In 1969, as a freshly-minted seven-year-old, I was awakened in the middle of the night by my parents to join the entire world as a witness to history. At 10:55 p.m. (EST), a grainy, black-and-white transmission on the television showed Neil Armstrong stepping off the lunar module Eagle onto the surface of the moon.

Thus, the challenge issued by President John F. Kennedy on May 25, 1961, of “landing a man on the moon and return him safely to Earth” was well on its way to being met.

Those heady days quickly disappeared into history as the tragedy of Richard Nixon, the humiliation of Vietnam, the economic malaise of the OPEC-engineered oil crisis, and the “Me Generation” wreaked their havoc upon the national consciousness and wallet.

The Apollo program fell victim to the budget axe in the mid-1970s to make way for the space shuttle and Skylab programs, and that was that.

Earlier this month, The Eye was surprised to learn that NASA was announcing its plans to build a permanent base on the Moon as a stepping stone to eventual manned exploration of Mars (the new space brass ring).

NASA, responding to President George W. Bush’s 2004 announcement to send somebody back to the moon by 2020, said it would establish an international lunar base to be permanently staffed by 2024.

This announcement was closely followed by news that the Mars Global Surveyor had ceased to chirp back information to Earth and was presumed to be dead in orbit.

The surveyor had beamed back more evidence of water on Mars and was working with three other orbiters and two rovers on the Red Planet’s surface.
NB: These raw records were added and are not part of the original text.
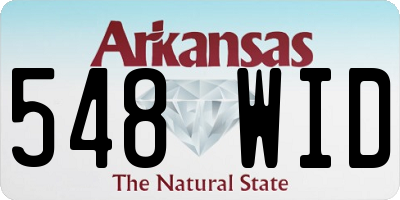 AR license plate 548WID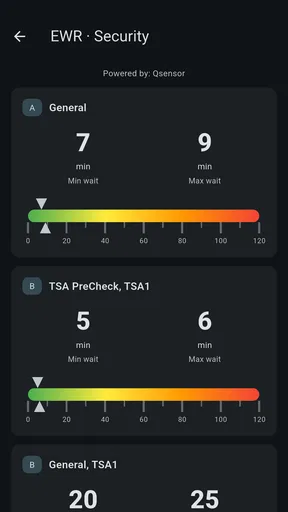 Newark Airport EWR screenshot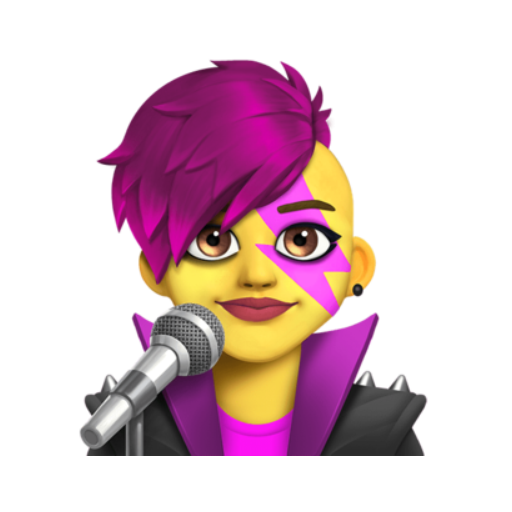 👩‍🎤 Emoji Cantora Mulher - Emojis para Copiar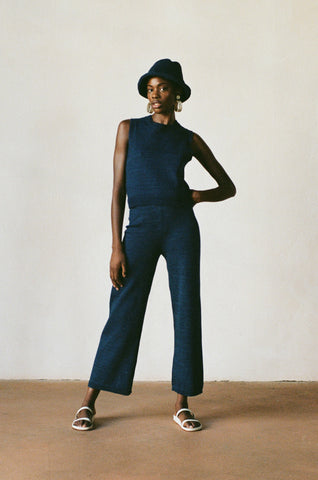 THE SWEATER VEST | indigo | organic + earth dyed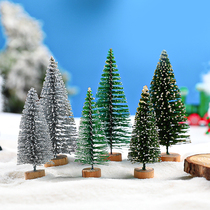 Mini Christmas Tree Pine Needle Snowpine Tree Stained White Snow Pine Emulation Christmas Tree Christmas Cake Decoration Pendulum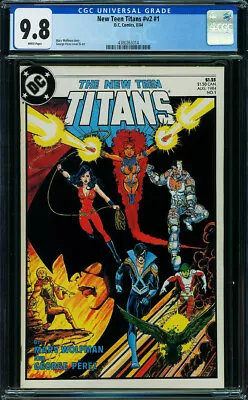 Buy New Teen Titans #1 CGC 9.8 (1984) George Perez Cover And Art DC Q5 414 Cm • 66.01£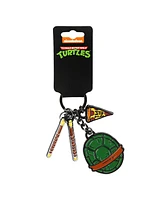 Teenage Mutant Ninja Turtle Keychain with Three Charms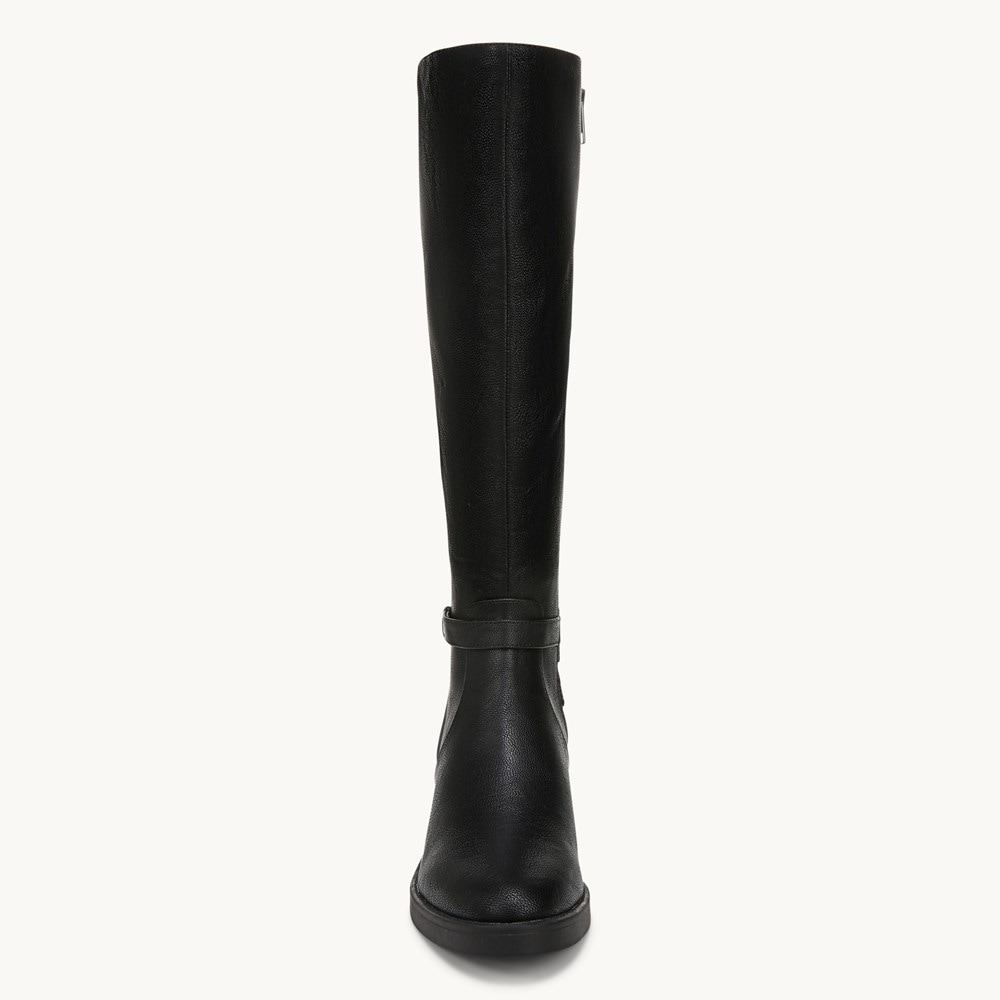 LifeStride Berkley Wide Calf Knee High Boot - Black Faux Leather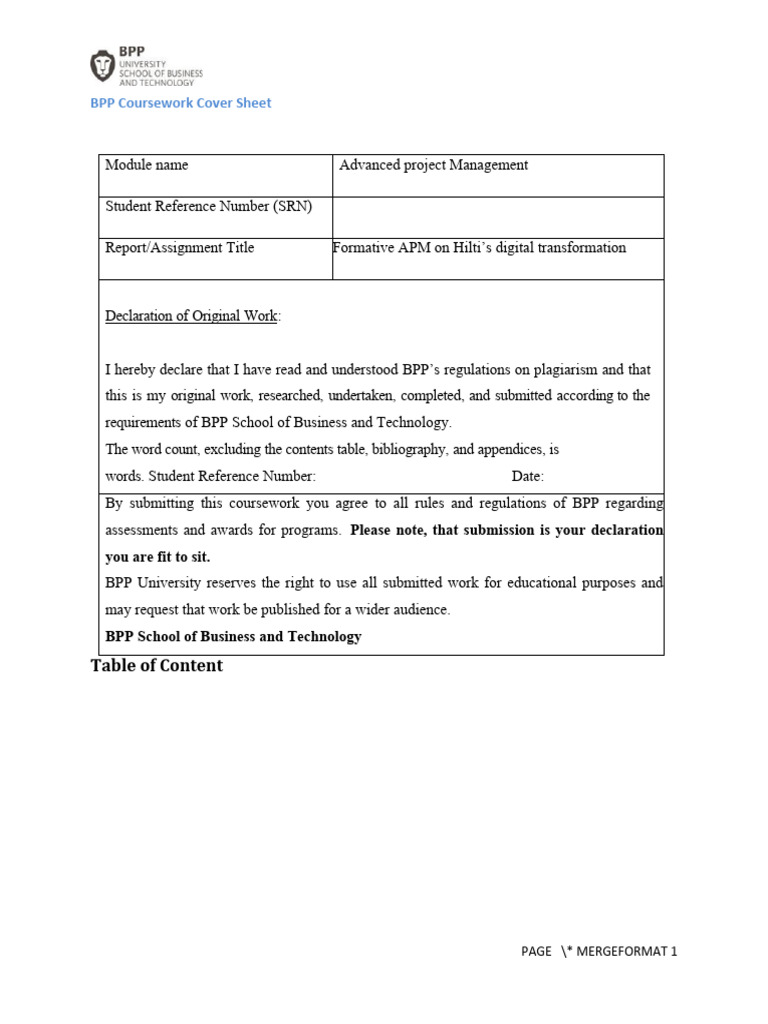 Formative APM On Hilti's Digital Transformation | PDF | Leadership ...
The science people are all excited about this, but plans to bring a chunk of Mars back to Earth for study have been forced to the middle of the next decade due to budget constraints.

In 2005, NASA said it would cost $104 billion for the initial lunar return flight but didn’t mention the cost of follow-up flights or construction costs of the base itself.

The Government Accounting Office estimates that NASA’s plans through 2025 would reach $230 billion.

When this number is put next to the estimated $300 billion the current president has blown on Iraq in five years, $230 billion seems like a small amount.

Kinda like chump change, noted The Eye, who also noticed an absence of stated goals for the moon base and beyond, other than going to Mars, with NASA Administrator Michael Griffin saying that if future scientists weren’t interested in maintaining the lunar base, “then we’ll move on more rapidly to Mars.”

The Eye thinks that Griffin is simply trying to figure out a way to return to the unlimited financing days of the Apollo program.

The Eye is of the opinion that a national dialogue needs to occur about America’s space program and its lofty public relations goal of spreading civilization throughout the universe, because we don’t seem to be doing such a great job of spreading civilization here on Earth.

Why should we go back to the moon and then on to Mars? Nobody’s answering.

Griffin himself seemed to have no shortage of NASA’s well-documented insular thinking, “We’re rebuilding systems that we had 40 years ago and that we built at that time and then discarded … That was not a NASA mistake. It was a policy mistake at the highest level of the U.S. government … My generation now has the task before it of fixing that mistake.”

That sounds to The Eye like the hubris that got the Challenger and later the Columbia blown to bits before another assembled crowd of witnesses to history.